*Assignment*. From the line containing "Land Rover Discovery 2015" through the last line of the listing, output each line exactly as it stands. Omit pictures.

*Data below*.

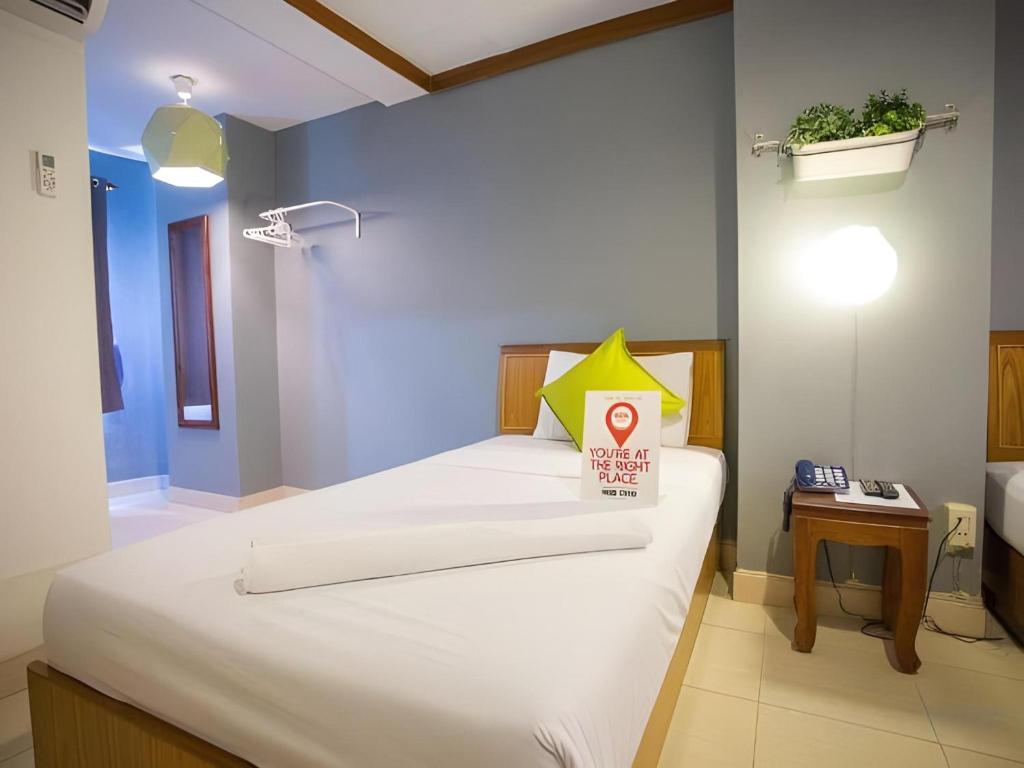 Postel nebo postele na pokoji v ubytování Collection O Howard Square Boutique Hotel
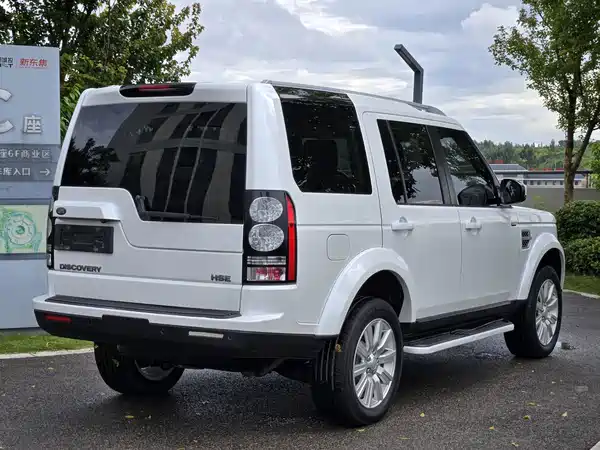 Land Rover Discovery 2015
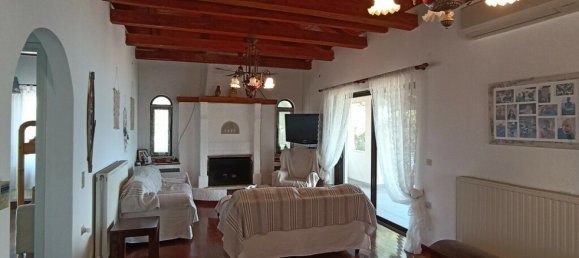 4 Schlafzimmer Villa in Central Greece, Greece, Nr. 8963 2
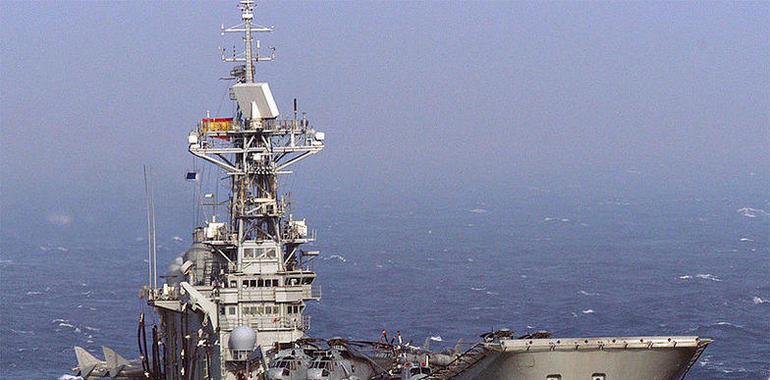 Campaña para salvar el portaaviones Príncipe de Asturias y fondearlo en Gijón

*Task output*.
 Land Rover Discovery 2015
 4 Schlafzimmer Villa in Central Greece, Greece, Nr. 8963 2
 Campaña para salvar el portaaviones Príncipe de Asturias y fondearlo en Gijón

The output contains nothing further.